All answers were coded and recorded in an electronic database by two investigators. The Statistical Package for Social Sciences (SPSS) for Windows software application program version 22.0 was used for data analysis. Descriptive statistics frequencies, means and standard deviations were used to describe sample characteristics and illness experiences and the child developmental examination and frequency of illness of the sample. The Kolmogorov–Smirnov test was used to assess the normality of distribution. The association between child developmental variables was analyzed with a Chi-square test. If the data were not showing a normal distribution, we used Fisher's exact and the Mann–Whitney U tests.
The study was approved by the Research Ethics Committee of the Faculty of Medicine, Chiang Mai University, Thailand (No.035/2017, January 25, 2017). The parents or guardians of all participants gave informed consent.
Demographic data of children and caregivers
Table 1 presents the demographic data of home-care children (n = 66) and day-care center children (n = 111). The mean age of the children was 30.6 + 1.35 months for home-care and 32 + 2.21 months for day-care center children. The mean age of children in the day-care center was significantly higher than those for home-care children (p < 0.001). As regards gender, 45.5% were male in the home-care group and 51.4% in the day-care center group. The primary caregivers were the mother (65.2% for home-care children and 53.2% for day-care center children), followed by grandparents (19.7% for home-care children and 23.4% for day-care center children), father (9.1% for home-care children and 15.3% for day-care center children) and others (6.1% for home-care children and 8.1% for day-care center children). The mean age of caregivers was 39.1 years for home-care children and 37.7 years for day-care center children. About 33 (51.6%) of the caregivers in the case of home-care children had an education level lower than graduation from high school, whereas 50 (46.3%) of the caregivers for day-care center children had an education level lower than high school graduation. Most caregivers came from a two-parent household (93.9% for home-care children and 82.9% for day-care center children). A two-parent household for home-care children was significantly higher than it was for day-care center children (p = 0.03). Enrollment ages for day-care centers were a minimum age of two months while the average age was 30 months.

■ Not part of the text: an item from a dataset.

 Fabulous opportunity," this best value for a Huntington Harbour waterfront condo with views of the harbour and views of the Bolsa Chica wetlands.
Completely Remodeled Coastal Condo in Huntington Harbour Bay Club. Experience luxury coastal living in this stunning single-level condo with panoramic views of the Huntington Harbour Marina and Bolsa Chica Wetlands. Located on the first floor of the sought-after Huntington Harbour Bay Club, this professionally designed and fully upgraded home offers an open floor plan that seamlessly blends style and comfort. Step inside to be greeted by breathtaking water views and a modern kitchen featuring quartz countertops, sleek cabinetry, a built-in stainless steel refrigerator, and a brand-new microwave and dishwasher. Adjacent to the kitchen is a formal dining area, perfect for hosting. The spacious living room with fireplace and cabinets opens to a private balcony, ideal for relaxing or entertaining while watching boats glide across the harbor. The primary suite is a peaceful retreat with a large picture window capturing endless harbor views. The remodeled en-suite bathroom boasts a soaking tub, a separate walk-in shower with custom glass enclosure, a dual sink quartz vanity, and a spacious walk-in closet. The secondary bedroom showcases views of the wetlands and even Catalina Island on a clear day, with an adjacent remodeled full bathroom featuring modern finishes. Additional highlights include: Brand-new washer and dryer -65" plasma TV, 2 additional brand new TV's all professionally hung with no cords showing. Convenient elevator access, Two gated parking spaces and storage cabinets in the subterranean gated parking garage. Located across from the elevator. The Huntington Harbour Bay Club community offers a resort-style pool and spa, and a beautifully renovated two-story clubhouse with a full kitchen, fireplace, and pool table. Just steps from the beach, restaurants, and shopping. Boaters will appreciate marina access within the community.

Development and growth between home-care and day-care center children
A comparison of development and growth between home-care and day-care center children is shown in Table 2. Most children had a normal DDST result: no delay and a maximum of one caution item (77.3% of home-care children and 80.2% for day-care center children) followed by a suspect DDST result: two or more caution and/or one or more delay items (22.7% for home-care children and 19.8% for day-care center children). Most children had personal–social development in normal items (80.3% for home-care children and 84.7% for day-care center children), followed by caution items (19.7% for home-care children and 12.6% for day-care center children) and advanced items (0% for home-care children and 2.7% for day-care center children), respectively. Most children had fine-motor-adaptive development in normal items (69.7% for home-care children and 76.6% for day-care center children), followed by advanced items (19.7% for home-care children and 17.1% for day-care center children) and caution items (10.6% for home-care children and 6.3% for day-care center children). Most children had fine language development in normal items (54.5% for home-care children and 55% for day-care center children), followed by advanced items (24.2% for home-care children and 25.2% for day-care center children) and caution items (21.2% for home-care children and 19.8% for day-care center children). Most children had gross motor development in normal items (84.8% for home-care children and 78.4% for day-care center children), followed by advanced items (10.6% for home-care children and 12.6% for day-care center children) and caution items (4.5% for home-care children and 9% for day-care center children).
Regarding growth, most children had a weight between the 3rd and 97th percentile (93.9% for home-care children and 91% for day-care center children), followed by above 97th percentile (4.5% for home-care children and 5.4% for day-care center children) and below the 3rd percentile (1.5% for home-care children and 3.6% for day-care center children), respectively. Most children had a height between the 3rd and 97th (97% for home-care children and 95.5% for day-care center children), followed by below the 3rd percentile (3% for home-care children and 3.7% for day-care center children) and above the 97th percentile (0% for home-care children and 1.8% for day-care center children).
Illness experience between home-care and day-care center children
The comparison of experience and frequency of illness in the past two months between home-care and day-care center children is shown in Table 3. The results found that the total numbers of minor illnesses in the home-care child are lower than those in the day-care center child (OR = 0.33, 95% CI = 0.15–0.72). Minor illnesses caused by infection were very common among both sets of children, 71.2% and 88.3% reported illness episodes in home-care and day-care center children, respectively. The common cold was the most frequent minor illness in both groups. Other minor illnesses among home-care children included fever and tonsillitis, whereas diarrhea, fever and hand, foot and mouth disease were the second, third and fourth most common diseases in the day-care center child. Total numbers of serious illnesses and the causes of illness were no different between home-care and day-care center children (OR = 0.42, 95% CI = 0.149–1.20). The first five serious illnesses causing hospital admission included the common cold, acute bronchitis, pneumonia, influenza and diarrhea.
Factors related to the child’s development growth and illness
Factors relating to development and illnesses are presented in Table 4. The results found that the mean age of the primary caregiver was associated with the normal item in fine motor development (p = 0.046) and the frequency of serious illnesses (p = 0.026). The relationship of the primary caregiver to the child was associated with the frequency of serious illness in the past two months. The results found that the total numbers of minor illnesses were lower among the mothers as primary caregivers group than the grandparents as primary caregivers group (OR = 0.28, 95% CI = 0.14–0.76). Other factors, including the education level of the major caregiver and household type, were not associated with development and numbers of illnesses.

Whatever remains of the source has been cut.